Langoustines, Dublin Bay prawns, Scampi, Norway Lobster – whatever you call them they are both delicious and massively under appreciated in the UK. As some of you may have seen on Jay Rayner’s piece on “Food: What Goes in your Basket”, most of the langoustine you would eat in Europe will have been caught in Scotland (and you can read more on his blog). So, why does the little that stays in the UK turn into breaded scampi & chips? Well, it doesn’t: I saved ten and threw them on my barbecue and they are delicious. Mr Rayner, this modest little blog entry was inspired by your push to keep Britain’s langoustines in Britain and out of the deep fat fryer!

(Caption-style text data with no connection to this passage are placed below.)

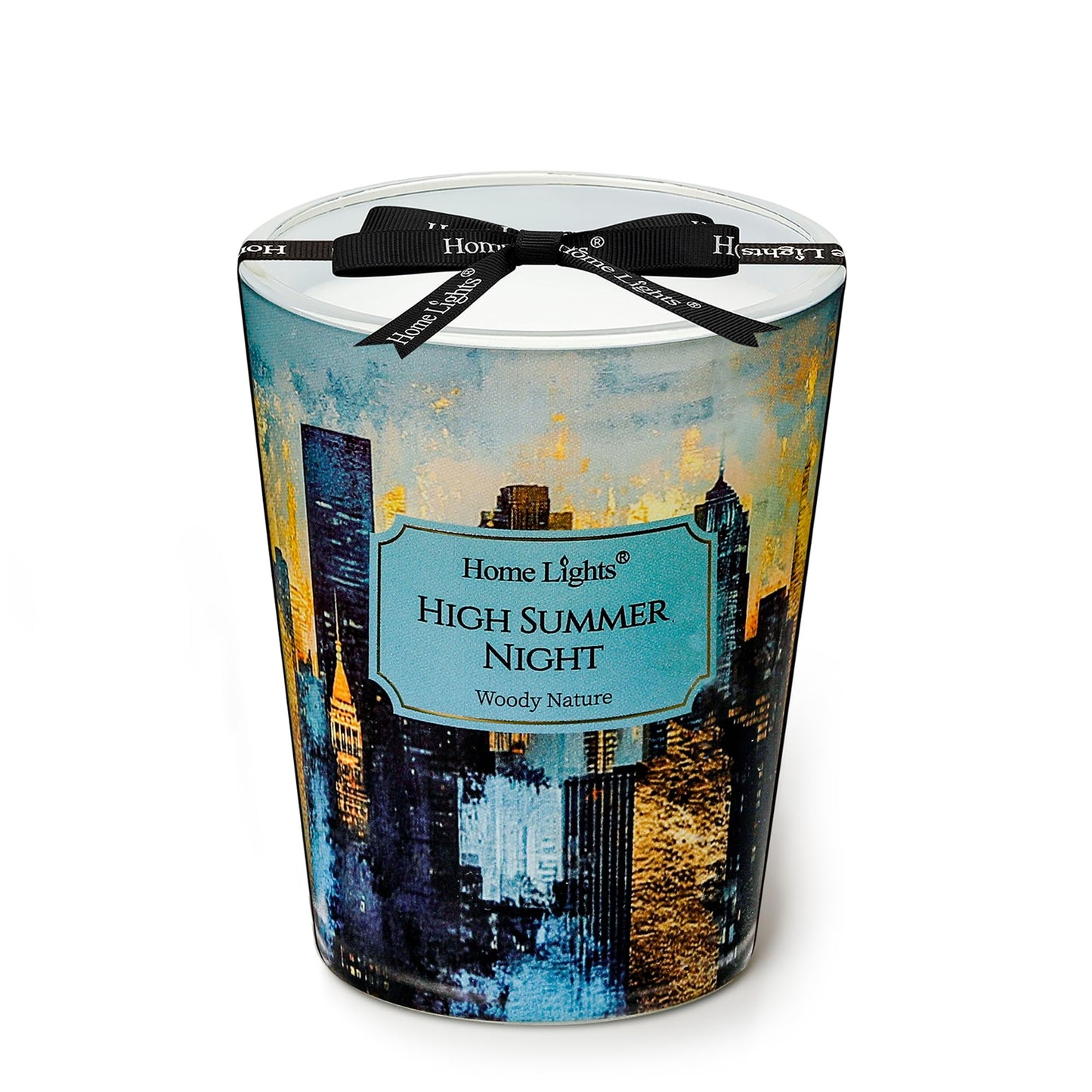 HomeLights 1-Wick Candles for Home Scented - 6.7oz Soy Wax Blend Candle Long-Lasting Fragrance, Industrial Chic Home Decor and Housewarming Gifts, Fireside Wood & Glow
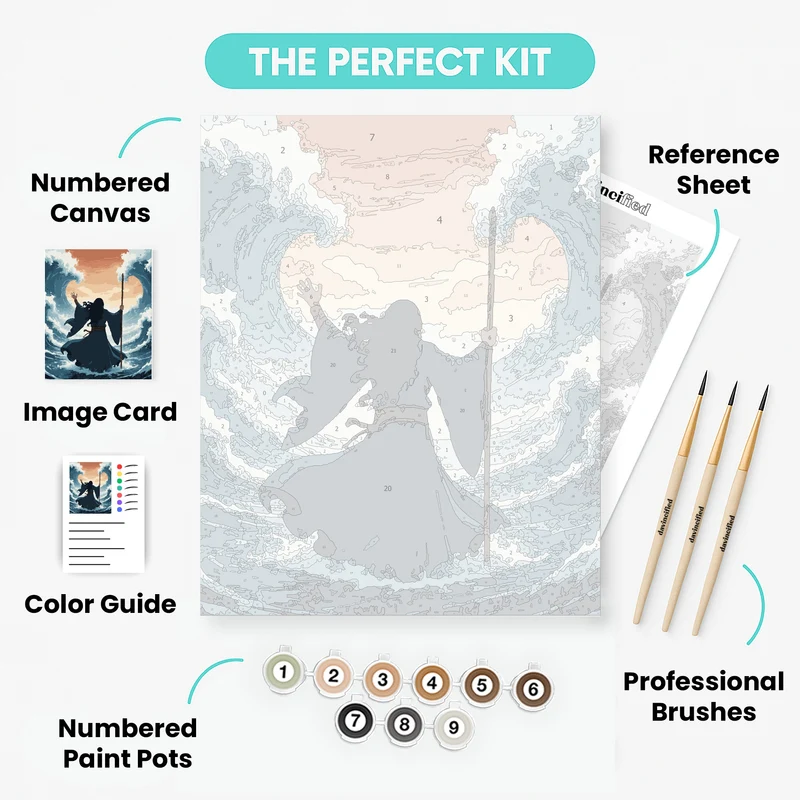 Moses Parting the Sea - Paint by Numbers Kit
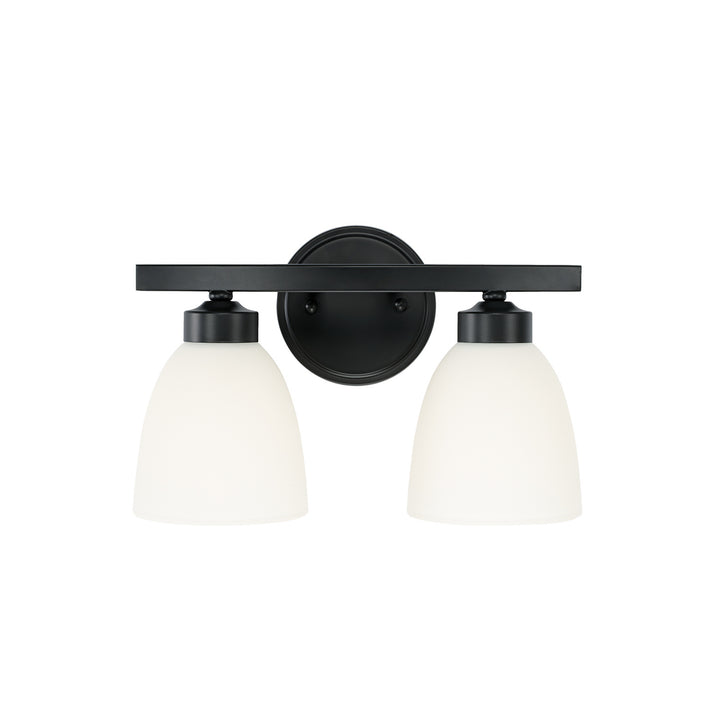 Capital Jameson 114321MB-333 Bath Vanity Light 13 in. wide - Matte Black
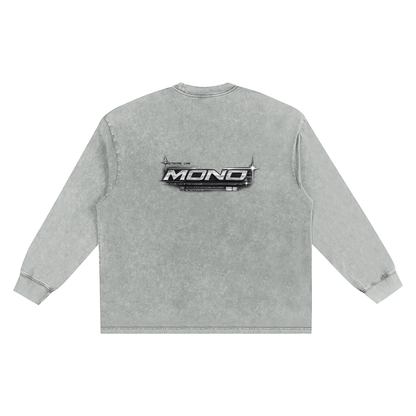 Snow Washed Frayed Edge T-Shirt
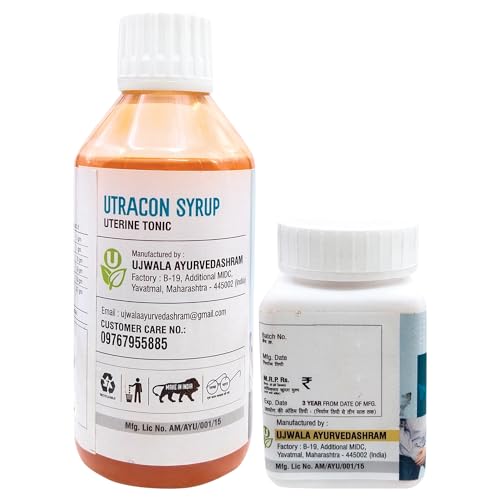 Ujwala Ayurvedashram Utracon Capsule&Utracon Srup Combination Kit For Vaginal Infection,Incontinence,Urinary Track... - Image 2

Now, here’s a disappointing turn of events: I am a great believer in supporting local businesses over national chains, so my first stop was  Oxford Covered Market’s fish monger. They are fantastic and to be fair, had I given them a heads up the day before I would have been guaranteed a fresh haul of these scamps. Unfortunately, all they could offer was frozen so I had to head to a supermarket to get some fresh from the fish counter. So, lesson learnt: give your fishmonger a chance and phone them up the day before you need them!

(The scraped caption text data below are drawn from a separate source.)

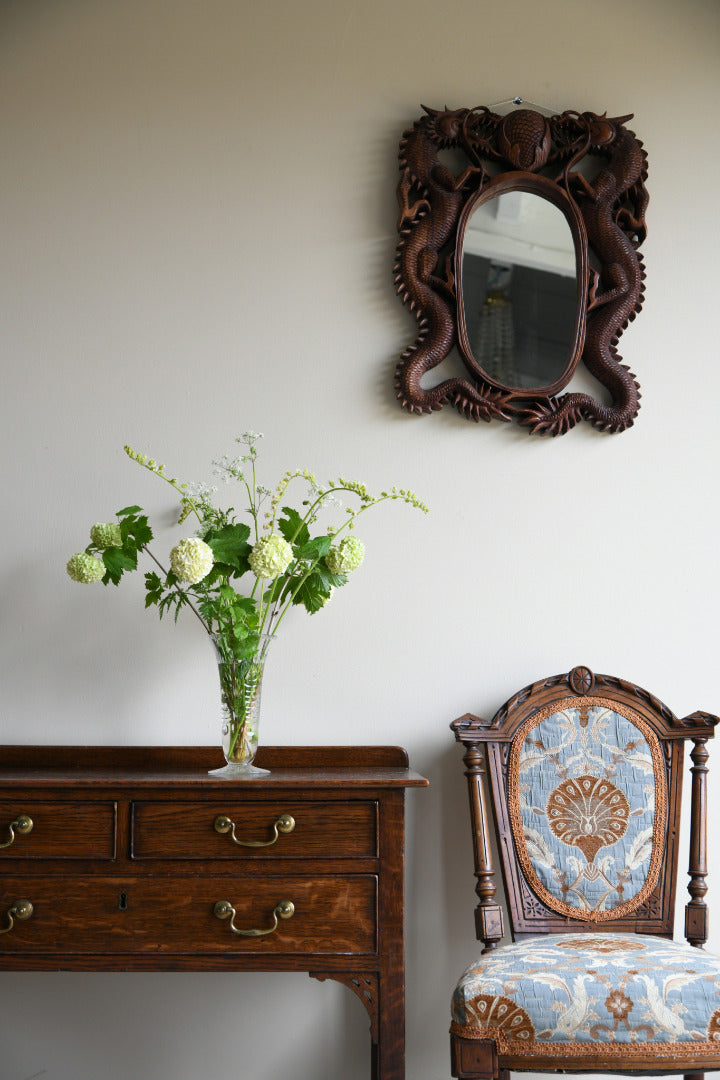 Carved Eastern Wall Mirror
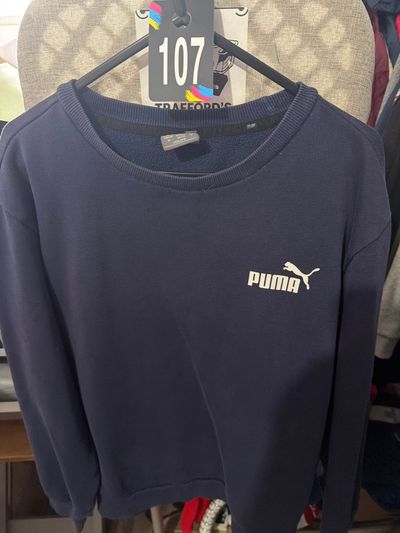 107 - Puma Navy Sweatshirt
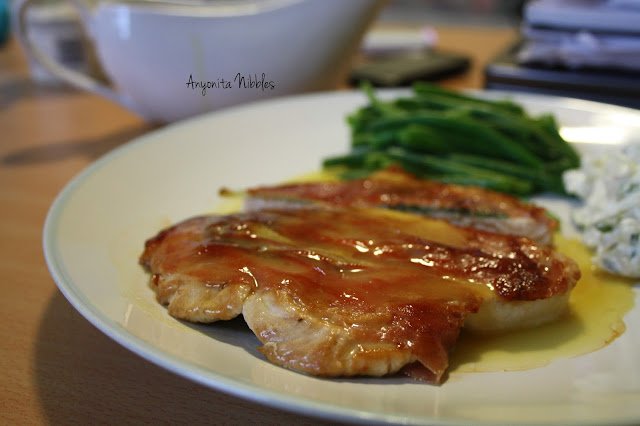 Turkey Saltimbocca waiting to be eaten from www.anyonita-nibbles.com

Cheaper than salmon by weight, these little beauties served 5 as a starter.

Ingredients

  • 10 fresh Langoustines
  • Lime Juice from one lime
  • 1 Red Chilli
  • Olive oil

For the Mango Salsa

  • 1 Red Chilli
  • 1 Mango
  • Lime juice from 2 limes
  • Large handful of fresh Coriander

Get Cooking

This couldn’t be simpler… as with most of my BBQ recipes; combine the ingredients for the langoustine to make a marinade. Now, slice the Dublin Bay prawns in half and devein – this is *all* important: nobody wants to eat that. Place on a tray, flesh die up and drizzle generously with the marinade. Cover with cling film and allow to marinade for a couple of hours in the fridge.

For the mango salsa, take half the mango, the chilli, coriander and lime juice and blitz it very briefly in a blender. Dice the other half and mix into the rest.

On a hot barbecue – white coals, and the rack preheated – place the langoustines flesh side down for up to 2 minutes, depending on their size, then turn over for a maximum of 1 minute. They should be pink and the flesh should have peeled away from the edges and be opaque. Serve with the salsa and eat immediately… as if you could wait!